I tried to find the integral
$$I=\int_0^{\infty} \frac{\log x }{(x-1)\sqrt{x}}dx \tag1$$
I substituted $x=t^2, 2tdt=dx$ and chose $\log x$ and $\sqrt{x}$ to be principal values. We have
$$\int_0^{\infty} \frac{\log x}{(x-1)\sqrt{x}}dx=2 \int_0^{\infty} \frac{\log t^2}{(t^2-1)}dt \tag2$$
Then because it is an even function
$$2 \int_0^{\infty} \frac{\log t^2}{(t^2-1)}dt=2 \int_{-\infty}^{\infty} \frac{\log t}{(t^2-1)}dt \tag3$$
In the complex plane $z=1$ is a removable singularity of this function and $z=-1$ is a pole. So I chose the contour
$$\oint_\gamma = \int_{-R}^{-1-r}+ \int_{C_1}+\int_{-1+r}^{R}+\int_{C_2}=0 \tag4$$
where $C_1$ is a semi-circle $z=-1+r e^{i\phi}, \pi \ge \phi \ge 0$ and $C_2$ a semi-circle $z=R e^{i\phi}, 0 \le \phi \le \pi$. In the limit $R\to\infty, r\to 0$ the integral on $C_2$ is $0$ and $\int_{-R}^{-1-r}+\int_{-1+r}^{R}=\int_{-\infty}^{\infty}$ so we need to find
$$\lim_{r\to0} \int_{C_1} \frac{\log z}{(z^2-1)}dz = 0 \tag5$$
So $I$ should be zero.
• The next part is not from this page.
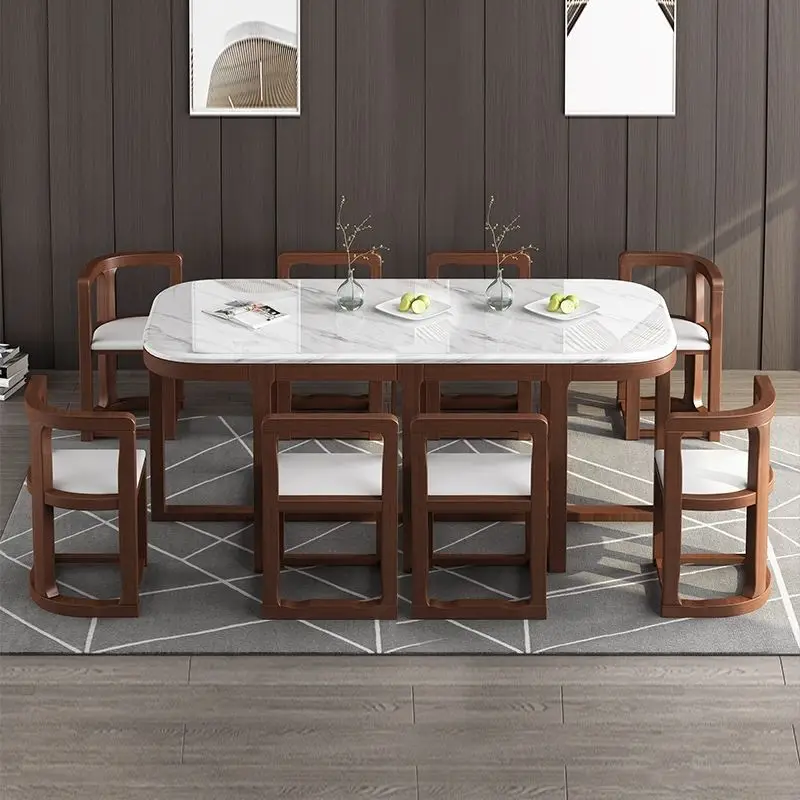 

Dining table, solid wood, dining table and chairs, combination, simple, modern, household, induction cooker, small apartment,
But if we compare with this question, we see it isn't. Where is my mistake?
EDIT 2: For clarity, I will compile all my corrections as an answer. Thanks to everyone who helped in the comments (and the other answers, too, of course)!
Best Answer
The integrand is always positive except at $x=1$, where it is not defined. Hence, the integral cannot be zero. Below is an easy way to obtain the answer. $$I = \int_0^{\infty} \dfrac{\ln(x)}{(x-1)\sqrt{x}}dx = \int_0^1 \dfrac{\ln(x)}{(x-1)\sqrt{x}}dx + \int_1^{\infty} \dfrac{\ln(x)}{(x-1)\sqrt{x}}dx$$ $$\int_1^{\infty} \dfrac{\ln(x)}{(x-1)\sqrt{x}}dx = \int_1^0 \dfrac{\ln(1/x)}{(1/x-1)1/\sqrt{x}} \dfrac{-dx}{x^2} = \int_0^1 \dfrac{\ln(x)}{(x-1)\sqrt{x}}dx$$ Hence, $$I = 2\int_0^1 \dfrac{\ln(x)}{(x-1)\sqrt{x}}dx = -2 \sum_{n=0}^{\infty} \int_0^1 x^{n-1/2}\ln(x)dx = 2 \sum_{n=0}^{\infty} \dfrac1{(n+1/2)^2} = 8 \sum_{n=0}^{\infty}\dfrac1{(2n+1)^2}$$ Hence, $$I = \pi^2$$